- **WHAT IS REQUIRED**: When duplicating the records beneath this instruction, omit every picture and keep all else exact.
Top of RECORDS FOR THE EXERCISE
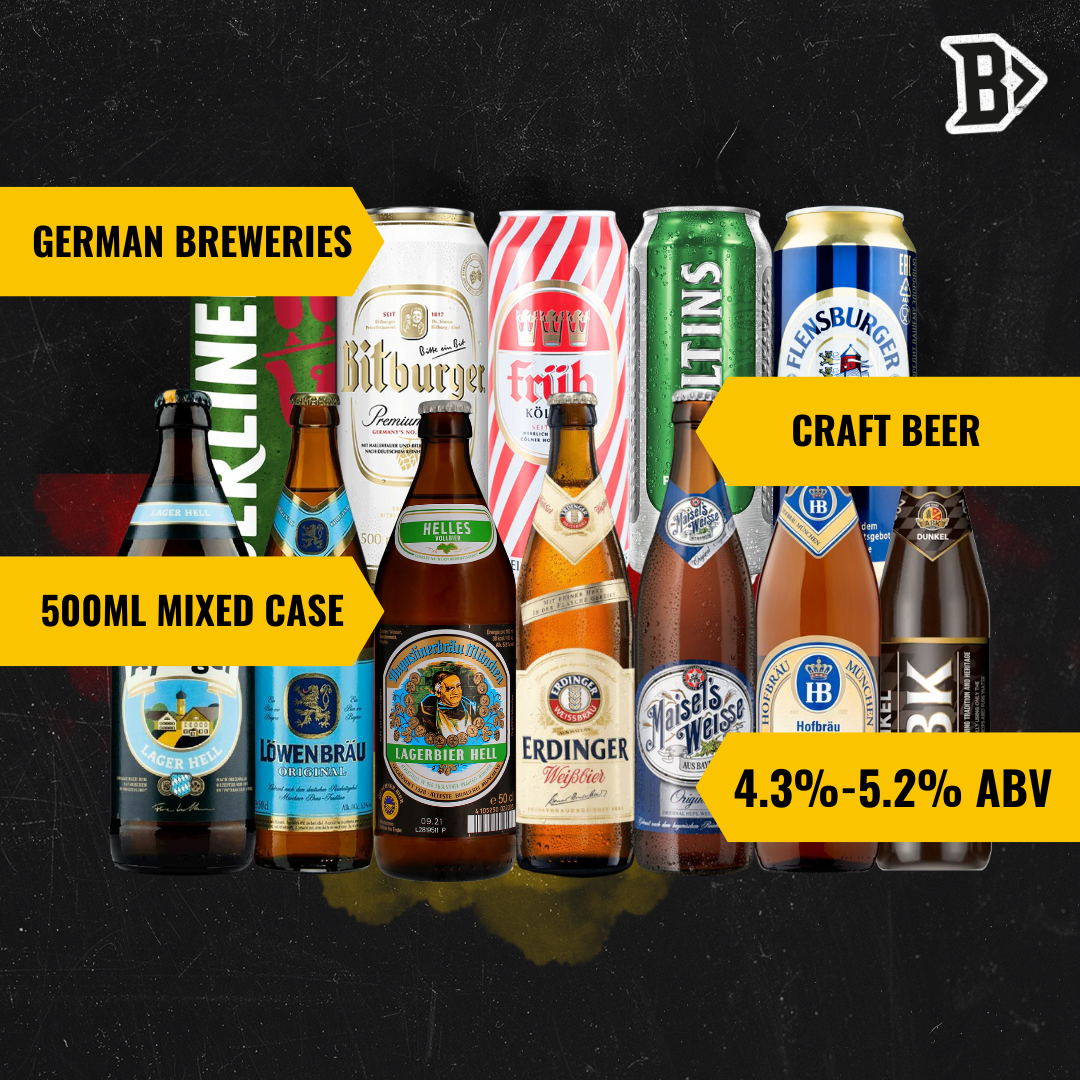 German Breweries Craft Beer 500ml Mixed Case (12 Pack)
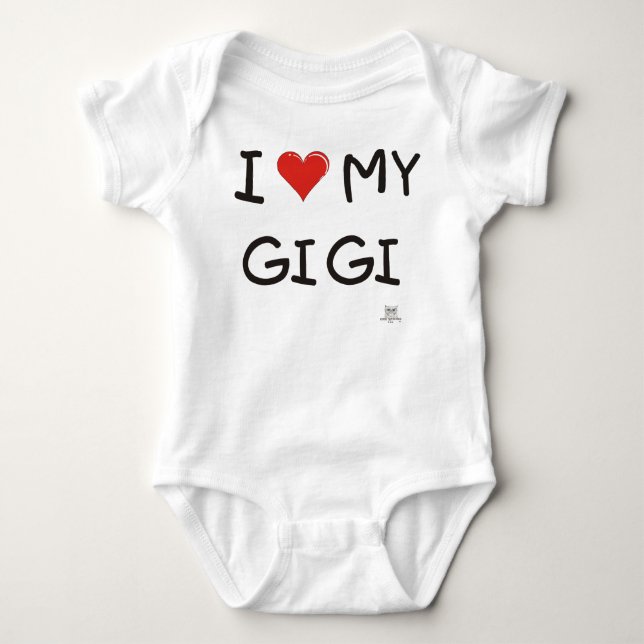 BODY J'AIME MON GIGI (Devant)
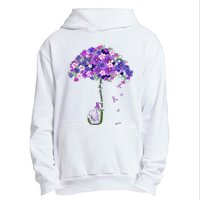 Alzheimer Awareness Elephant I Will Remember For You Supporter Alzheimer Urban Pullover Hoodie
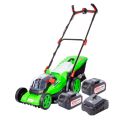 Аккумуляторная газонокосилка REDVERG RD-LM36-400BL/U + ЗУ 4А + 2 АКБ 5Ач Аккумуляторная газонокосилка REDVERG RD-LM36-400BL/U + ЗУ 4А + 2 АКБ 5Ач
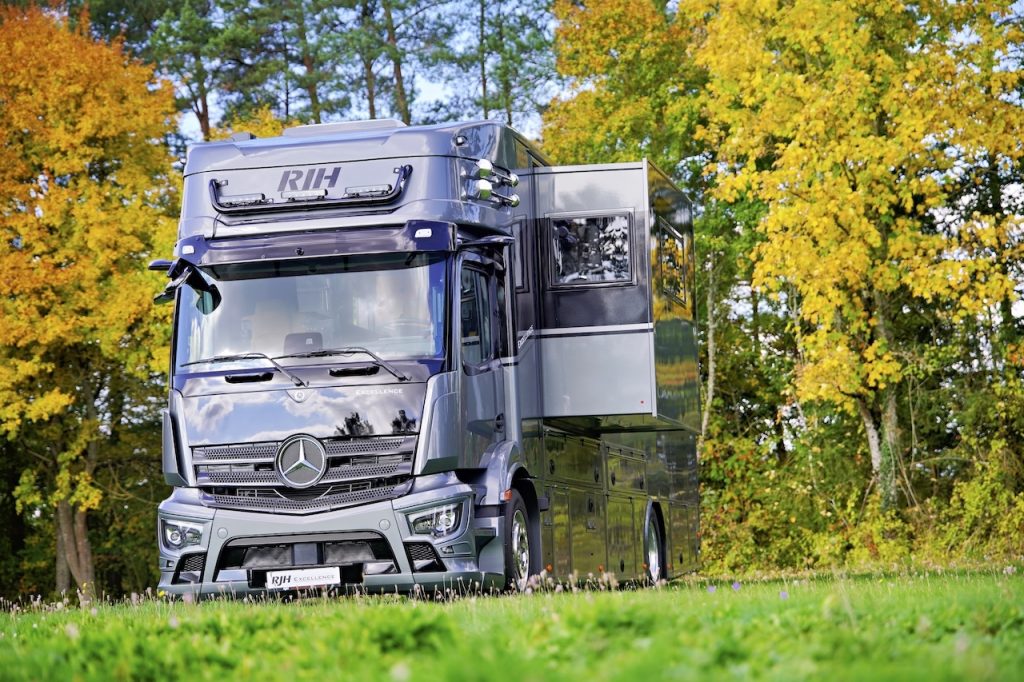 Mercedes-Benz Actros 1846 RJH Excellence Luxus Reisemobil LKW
Bottom of RECORDS FOR THE EXERCISE
- **OUTPUT BELOW**:
 German Breweries Craft Beer 500ml Mixed Case (12 Pack)
 BODY J'AIME MON GIGI (Devant)
 Alzheimer Awareness Elephant I Will Remember For You Supporter Alzheimer Urban Pullover Hoodie
 Аккумуляторная газонокосилка REDVERG RD-LM36-400BL/U + ЗУ 4А + 2 АКБ 5Ач Аккумуляторная газонокосилка REDVERG RD-LM36-400BL/U + ЗУ 4А + 2 АКБ 5Ач
 Mercedes-Benz Actros 1846 RJH Excellence Luxus Reisemobil LKW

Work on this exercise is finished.